It is not fair that now in our history we are paying for the sins of those who came before. Those sins are sins of poor legislation and financial malfeasance. They are sins of denial and sins of selfishness.
It is not right that because of laws that were passed by people in power a long time ago, back room deals that took root out of the light of legislative checks and balances, and other poorly judged and entirely misguided attempts at governance that we, the people are now forced to bear this terrible burden.
And yet, here we are. This is not the fault of any one group. This is not, as Fox News would have it the result of failed liberal policies, nor is it is the fault of MSNBC branded conservative overreaching. The fault lies with this electorate and all the electorates that have come before. Finally, it is ultimately we the people who put them in office who are at fault.
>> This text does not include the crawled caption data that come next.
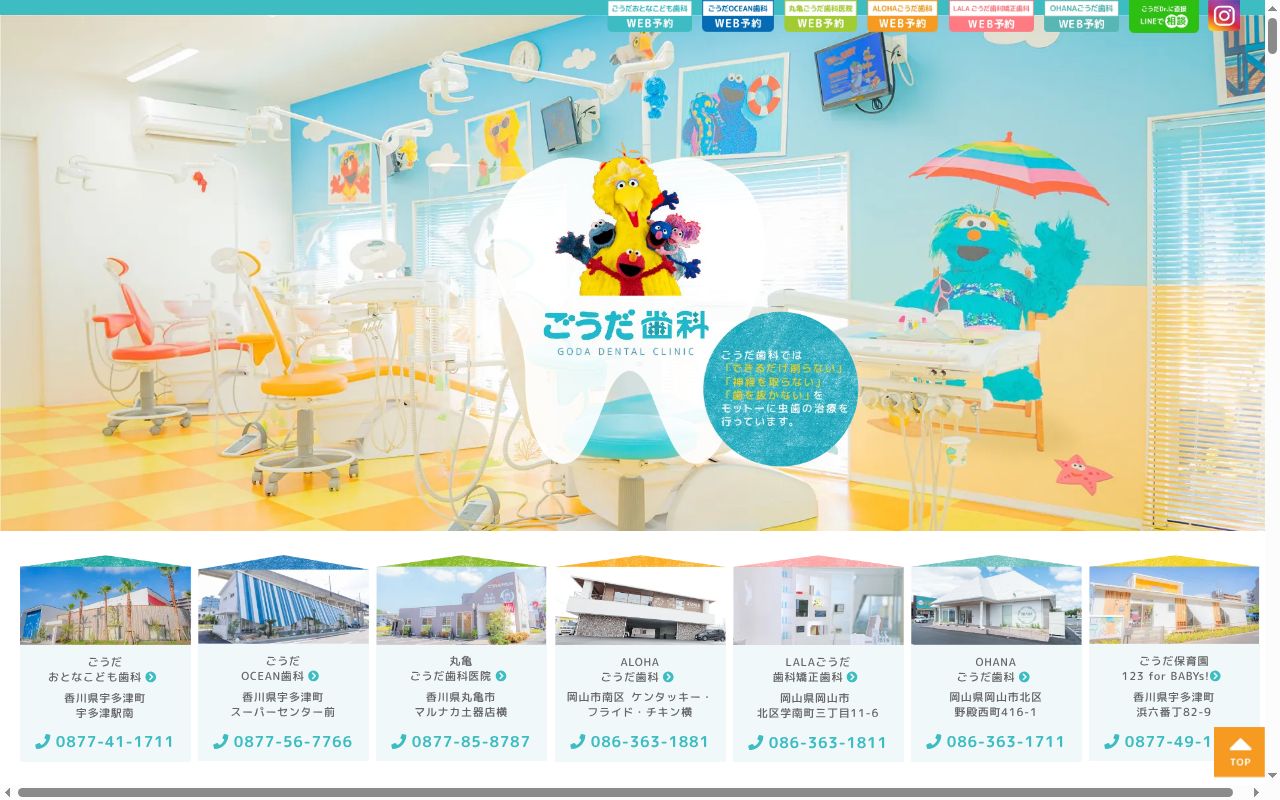 丸亀ごうだ歯科医院の公式サイトのスクリーンショット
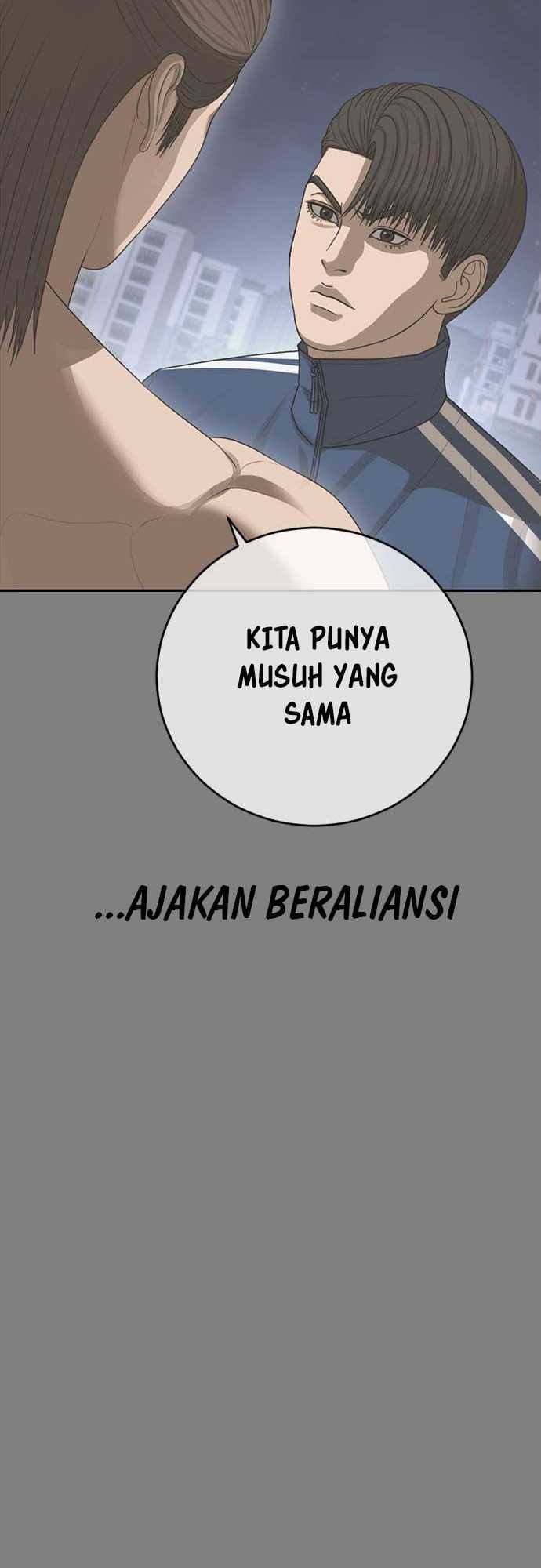 Ulzzang Generation Bab 45 halaman 11
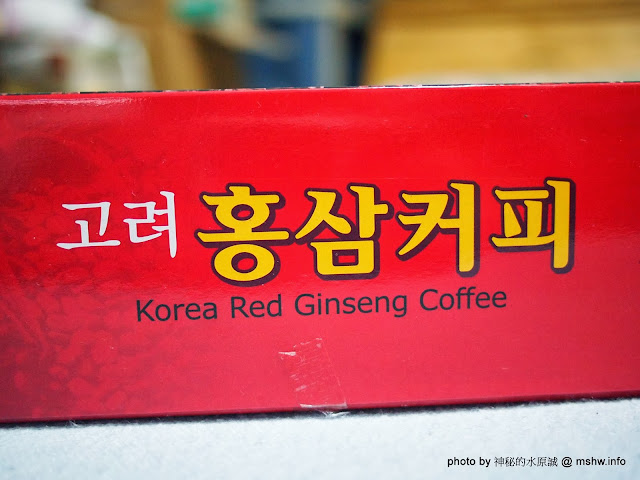 【食記】Samshin Korea Red Ginseng Coffee 三信高麗紅蔘咖啡 : 微妙的氣息,來自韓國的人蔘土產 區域 南韓國(Sourth Korea) 咖啡簡餐 茶類 韓式 飲食/食記/吃吃喝喝 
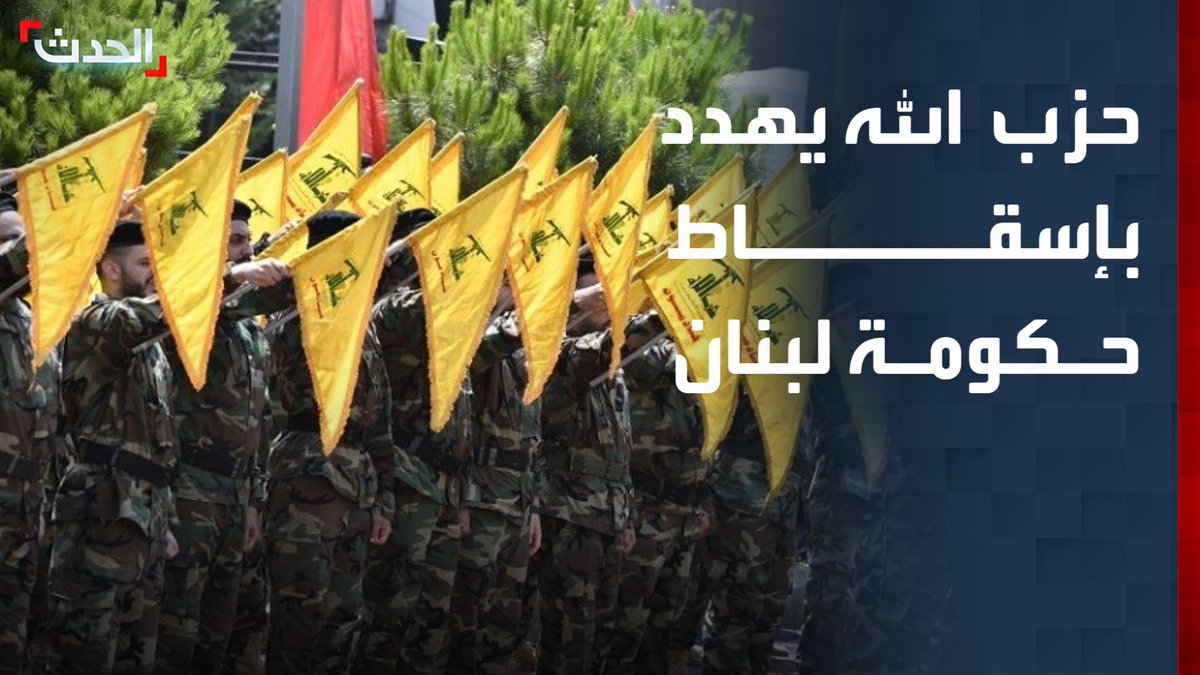 نائب رئيس المجلس السياسي لحزب الله محمود قماطي يعلن قطع الحزب الاتصال تماماً مع الرئيس عون بعد خطابه الأخير.. ويهدد بإسقاط الحكومة بـ "غضب سلمي" قناة الحدث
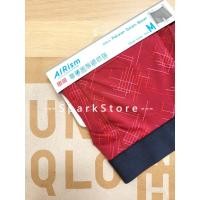 ราคา MERAH [ใหม่][ใหม่] ชุดชั้นในลายสีแดง Uniqlo Regular Rise Boxer Airism (41305722517)
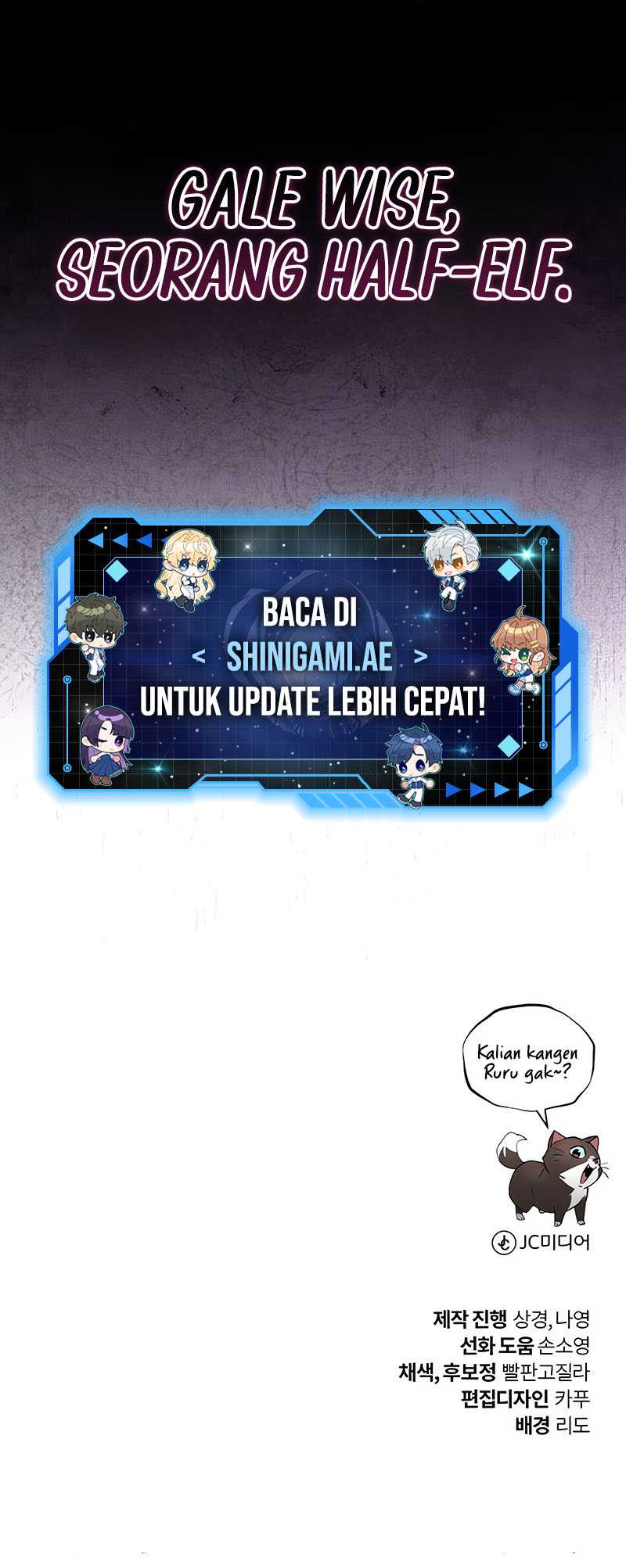 Lazy Prince Becomes a Genius Chapter 133 - halaman 79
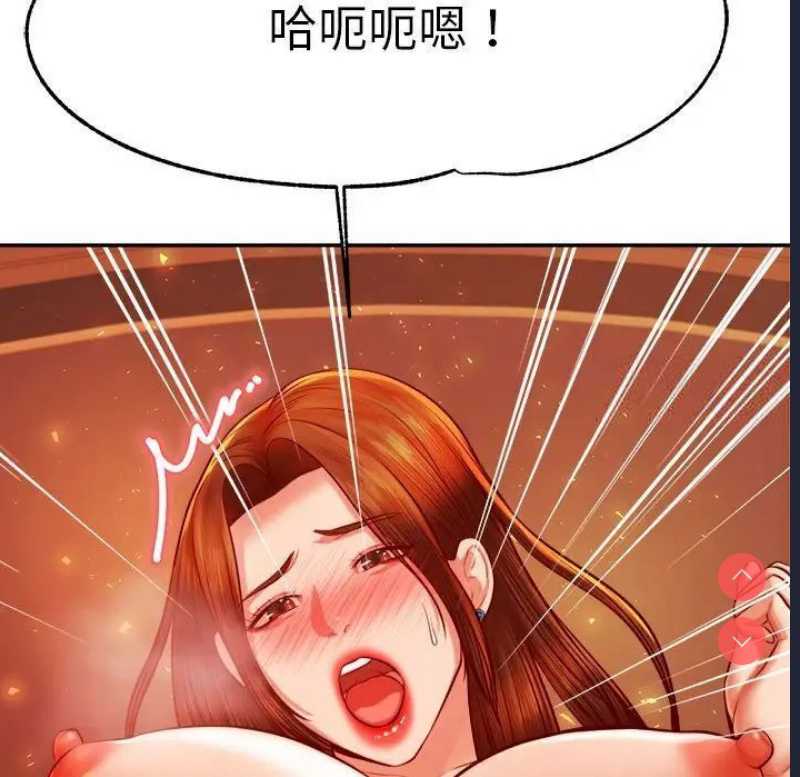 我的专属老师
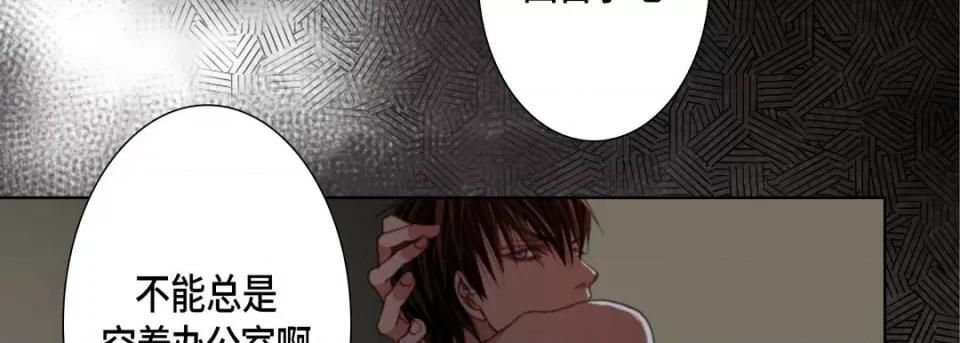 完美无缺的虏获 完美无缺的虏获-完美无缺的虏获 第124话 第94页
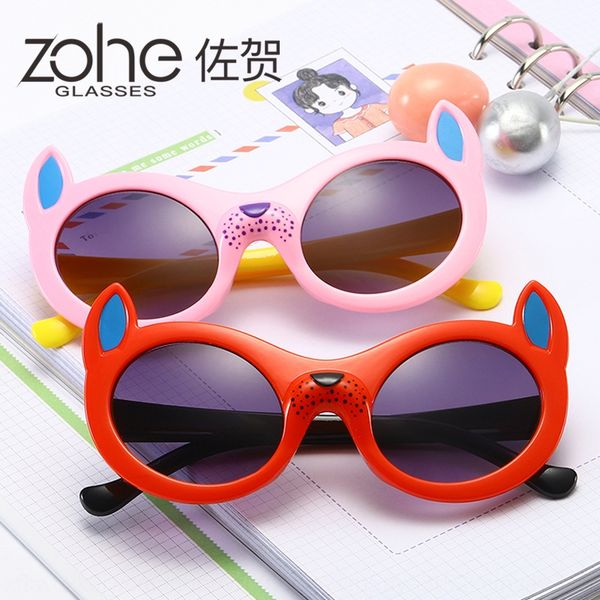 

new dot dog cartoon children's sun sunglassessun glasses colorful frame baby's sun glasses children's progressive sunglasses, Blue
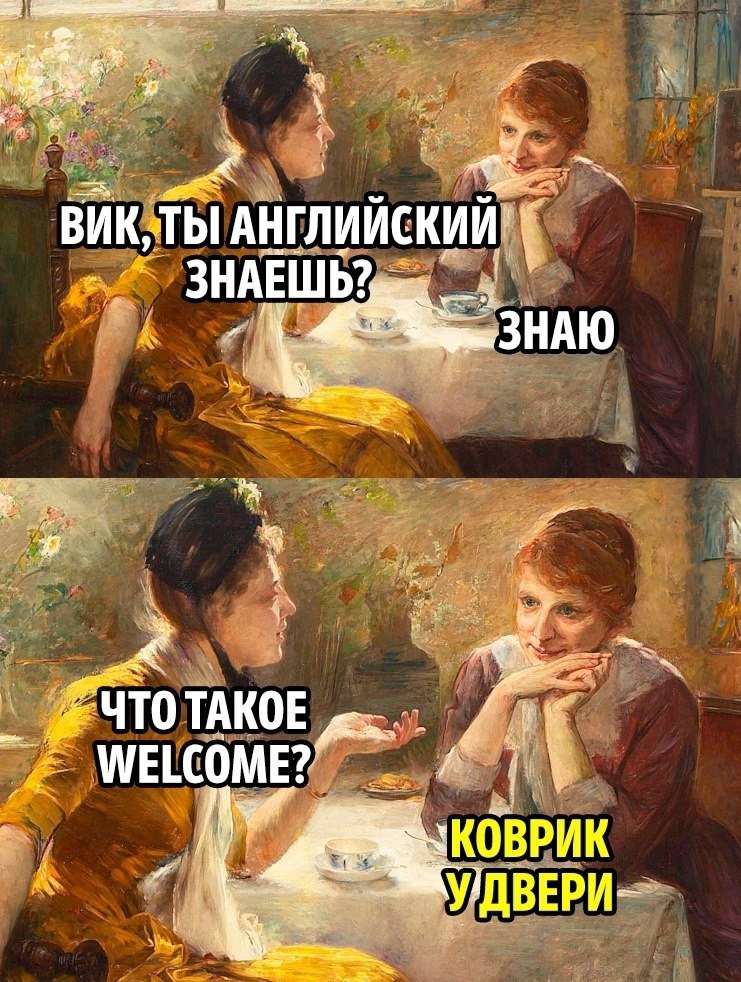  e  a:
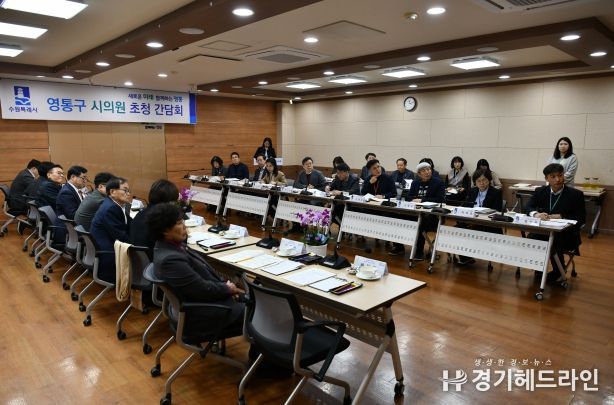 수원특례시 영통구, 지역 시의원 초청 간담회 개최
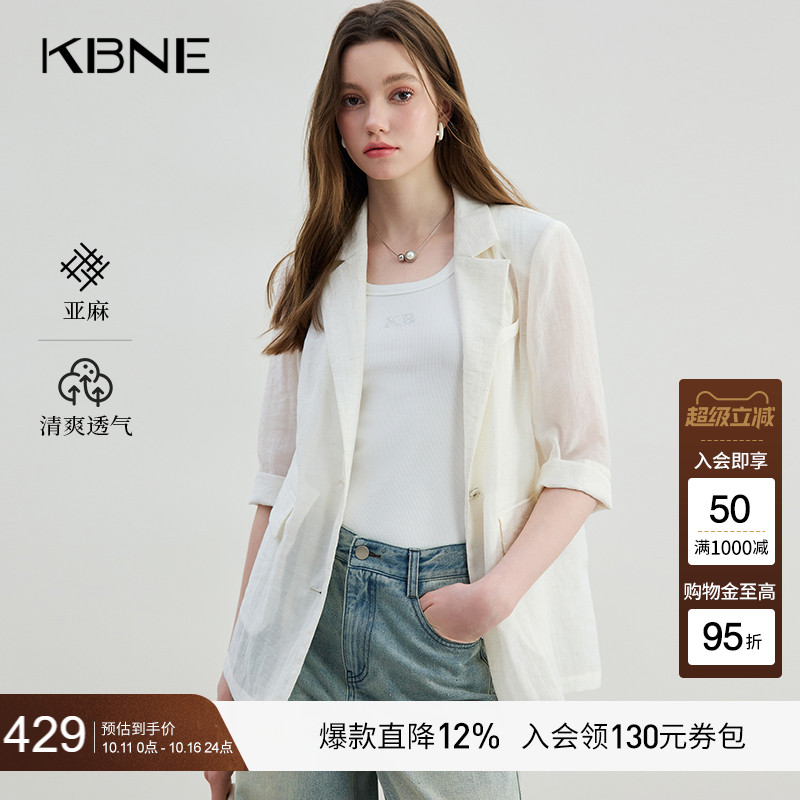 KBNE薄款西装外套女米色亚麻欧若智性风中袖上衣夏季新款流行西服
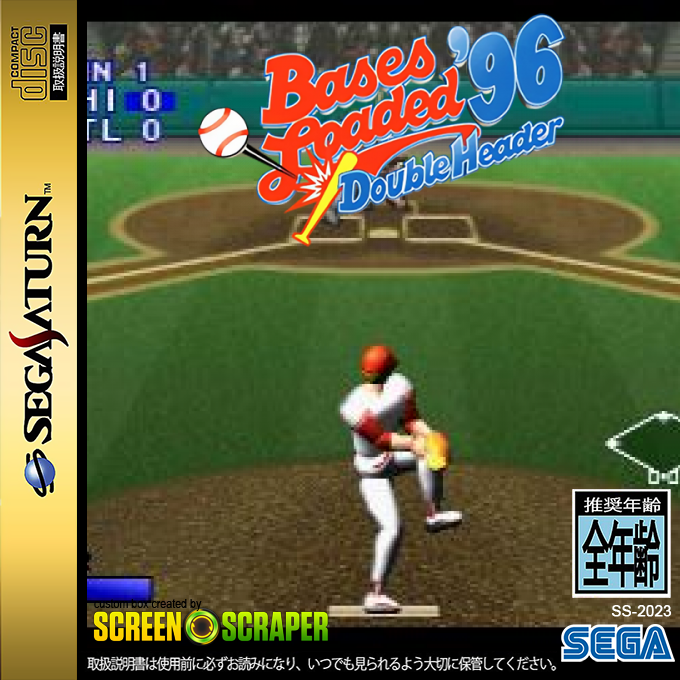 Bases Loaded '96 - Double Header — box-2D (SS)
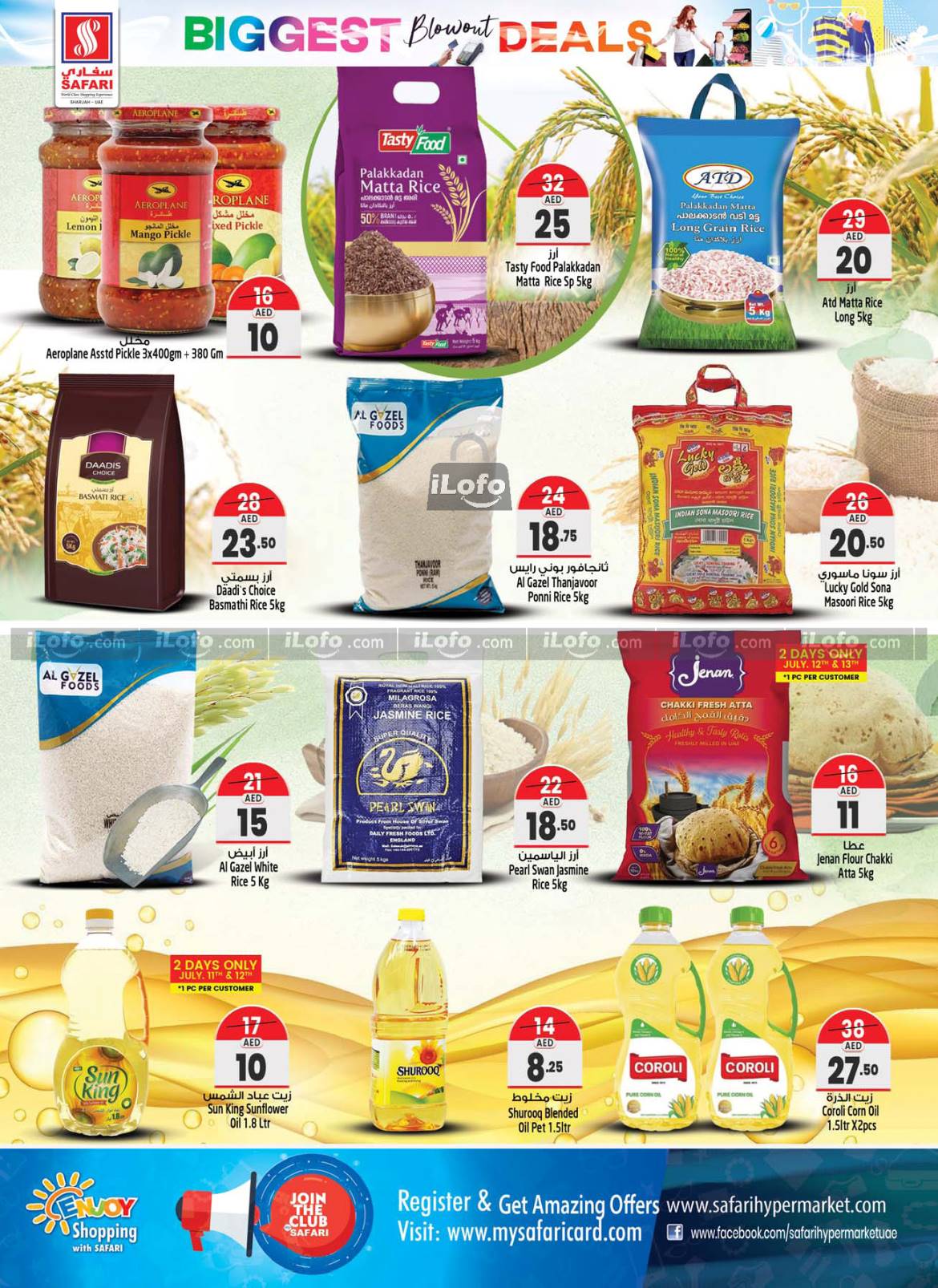 Page 14 at Weekend special offers at Safari Mall Muweiliya Sharjah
This is a representative democracy. It is an imperfect system in that it requires its citizens to have a vested interest in the operation of all levels of government. Because it is we the people who are being represented. Yet, few legislators are recalled for not representing their constituents, because too often their constituents are ignorant to the machinations of government. Few people even know who their representatives are. Many say they don't care. Many act as if they don't care until things get like they are today.
I submit that the people who are so mad about losing collective bargaining rights in Wisconsin and Michigan should have been mad long, long ago when so much of their money was being taken for the operation of a failed government. After all, we don't need to make as much if we keep more of it.
This situation in Wisconsin is not because the state is cold, heartless, unfeeling and evil. There is just no money to pay. There hasn't been money in a long time. And the reason why it is only now coming to a head is principally because government serves itself at a high level of dysfunction. One needs to get re-elected to stay in power. One cannot get re-elected if one supports unpopular policies. Policies based on financial austerity are never popular.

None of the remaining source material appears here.